The Trouble with PDFs

ShawnW · January 3, 2008, 12:00am

PDF for me is when I need one of two things: It needs to print the way it looks; or I need to make sure that no one changes it (e.g. Contracts). Otherwise PDF isn’t useful at all…

Though the form filling API is wonderful if you need standardized forms (e.g. IRS.gov).

hmm3 · January 3, 2008, 12:00am

I used to see PDFs as the speed bump of the Web. In many ways they’re like an unexpected cul-de-sac though too.

I destest them. In most cases even printed you have a pile of inaccessible information, though that seems to be more the product of poor organization combined with the nature of paper documents.

Generally I’d rather they just go away, for many of the reasons already given by others.

gogole · January 3, 2008, 12:00am

@Graham

I was being a bit ignorant about the page flipping thing. thanks for the correction though , coming to think of it PDF’s being immutable makes the format reliable in archiving documents.

Justin · January 3, 2008, 12:00am

PDF is a document file format. It definitely wasn’t made to be an interactive web presentation format. In the same way, HTML is not nearly sophisticated enough to do professional publishing; and it shouldn’t because it’s not a publishing format.

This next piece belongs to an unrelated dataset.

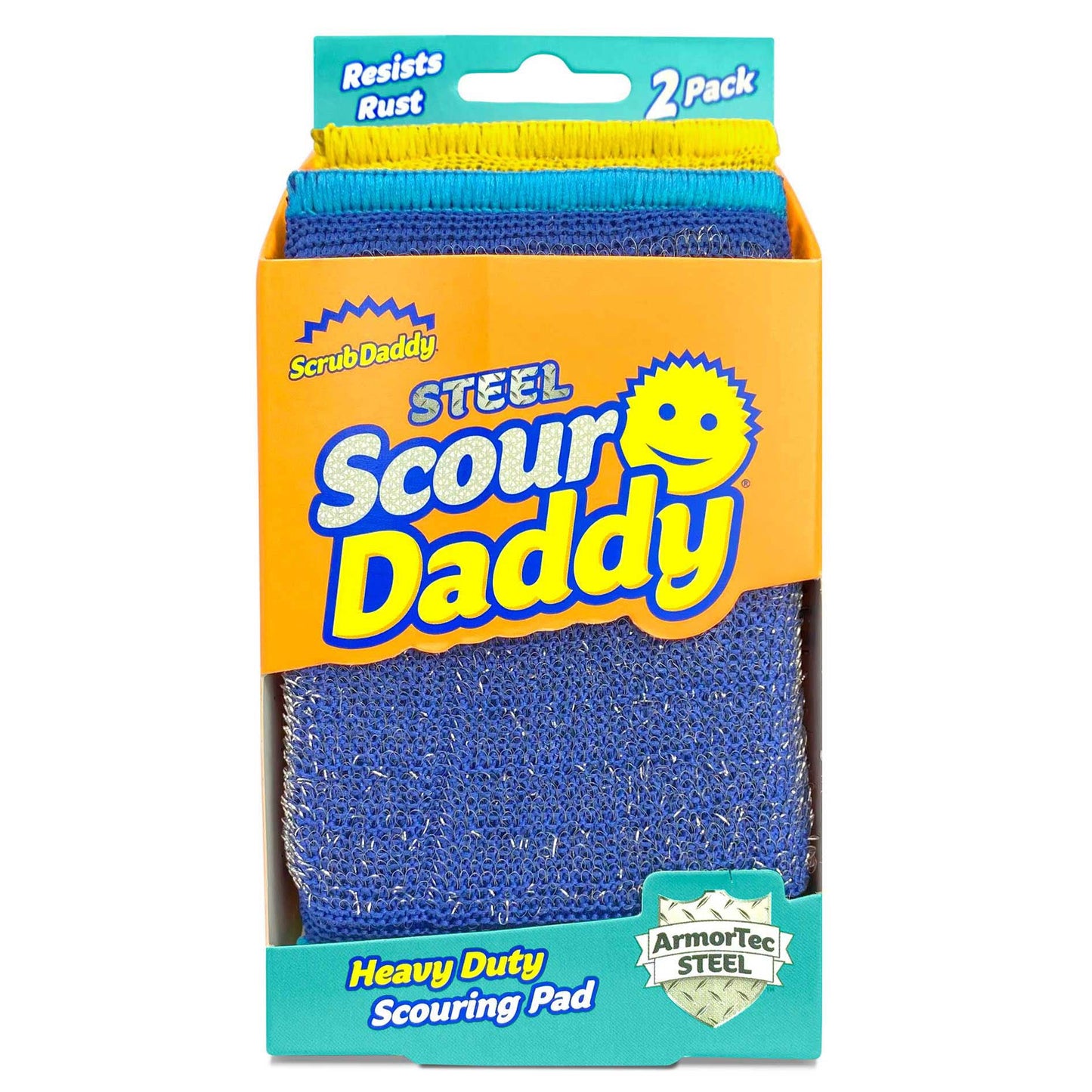 Scrub Daddy Steel Sour Daddy Heavy Duty Scouring Pads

In fact, HTML is a super-simplified subset of SGML (a full fledged document markup language). Comparing PDF and HTML is like comparing apples and oranges (or MIDI and WAV files). Before I was a programmer I worked for Xerox, scanning in thousands of manuals and documents for different companies. The PDF format is perfect for that. When they’d ask for 50 copies of manual xyz, I would pull it out of the archives and have it start printing in seconds. The PDFs can embed all kinds of meta data/printer specific info in them that makes it possible to do production printing from PDFs. I can agree that most web content should NOT be PDF, but I don’t think HTML is a good substitute for a good document format.

ProfessorT · January 3, 2008, 12:00am

Jeff,

I agree with you entirely if you frame your argument to say that if we’re just giving consumers information, HTML/CSS is a better choice because even if there are minor formatting issues, they still get all of the information. But you forget the whole point of PDFs: to have a platform independent method of guaranteeing that your document will render the SAME EXACT WAY on all computers.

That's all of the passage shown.